Тематически здесь на переднем плане выступает намерение преодоления — жестом указывающего на будущее, революционного — пагубного и предосудительного модерна. Но на сей раз возвращение доходит до «другого начала», ранее «осевого времени» (Ясперс). В зацикленном на самом себе, забывшем о традициях модерне должна достичь кульминации история распада, начавшаяся уже вместе с зарождением метафизики и религии, вместе с Сократом и Моисеем. Из этого диагноза времени проистекает нивелирующее положение религии: она должна — не иначе, чем сама метафизика, — быть выражением забвения бытия. Разве что изначальные силы некоего только грядущего мифа могут добиться вожделенного выхода из искажений логоса. Конечно, говорящая из некоего места за пределами логоса, эта неоязыческая спекуляция о «бегстве или приходе богов» должна полагаться на риторику, которая отказывается от силы убедительной аргументации и заменяет ее заклинающей самоинсценировкой «великих и сокровенных частностей».
По иронии в распоряжении для этого имеется лишь известный эсхатологический лексикон. Так, например, поздний Хайдеггер говорит об ужасе, отваге и скачке, решимости и невозмутимости, памятовании и отрешенности, отъятии и прибытии, пожертвовании и даре, событии и крутом повороте.

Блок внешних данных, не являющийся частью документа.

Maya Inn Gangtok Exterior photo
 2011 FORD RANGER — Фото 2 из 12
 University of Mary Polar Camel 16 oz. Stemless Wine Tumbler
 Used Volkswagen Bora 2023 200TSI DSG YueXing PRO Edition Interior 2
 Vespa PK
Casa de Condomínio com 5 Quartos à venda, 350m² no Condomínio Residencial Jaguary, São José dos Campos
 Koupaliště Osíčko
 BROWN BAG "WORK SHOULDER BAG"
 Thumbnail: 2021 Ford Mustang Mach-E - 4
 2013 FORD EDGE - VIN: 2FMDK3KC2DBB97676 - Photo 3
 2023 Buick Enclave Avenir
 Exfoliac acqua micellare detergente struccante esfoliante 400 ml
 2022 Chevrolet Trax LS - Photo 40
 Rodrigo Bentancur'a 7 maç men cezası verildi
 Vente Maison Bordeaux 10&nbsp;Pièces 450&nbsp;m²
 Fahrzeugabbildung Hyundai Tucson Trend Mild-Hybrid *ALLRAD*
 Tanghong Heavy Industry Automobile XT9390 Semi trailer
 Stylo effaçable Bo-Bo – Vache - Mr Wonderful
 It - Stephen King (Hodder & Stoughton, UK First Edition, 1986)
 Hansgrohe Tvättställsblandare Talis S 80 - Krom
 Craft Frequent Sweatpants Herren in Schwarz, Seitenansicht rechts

В то же время Хайдеггеру приходится стирать следы происхождения этой языковой игры. Ибо весть о христианском спасении, от семантики которой Хайдеггер не может отказаться, он давно понизил до уровня не имеющей значения онтотеологическои интермедии об «отжившем господстве церквей»[357]. Кантово религиозно-философское ограничение разума его практическим применением сегодня касается не столько религиозных грез, сколько скорее мечтательной философии, которая лишь берет напрокат многообещающие коннотации лексикона религии спасения и использует его, чтобы обойтись без строгости дискурсивного мышления. Этому мы тоже можем научиться у Канта: его философию религии в целом можно понимать как предостережение от «религиозной философии».
IV. Толерантность
9. Религиозная толерантность как пионер прав культурной жизни[358]
(1) Слово «толерантность» (Toleranz) было заимствовано из латыни и французского языка только в XVI веке, в связи с разделением конфессий. В этом контексте возникновения сначала оно приняло узкое значение терпимости по отношению к другим религиозным вероучениям[359]. В течение XVI–XVII веков религиозная толерантность становится правовым понятием. Правительства издают акты о толерантности, которые необходимо выполнять чиновникам и правоверному населению в общении с религиозными меньшинствами: лютеранами, гугенотами, папистами[360]. Из провозглашенного властями правового акта о толерантности в отношении инаковерующих и их религиозной практики проистекает требование толерантного поведения в отношении членов до тех пор подавляемых или преследуемых религиозных общин.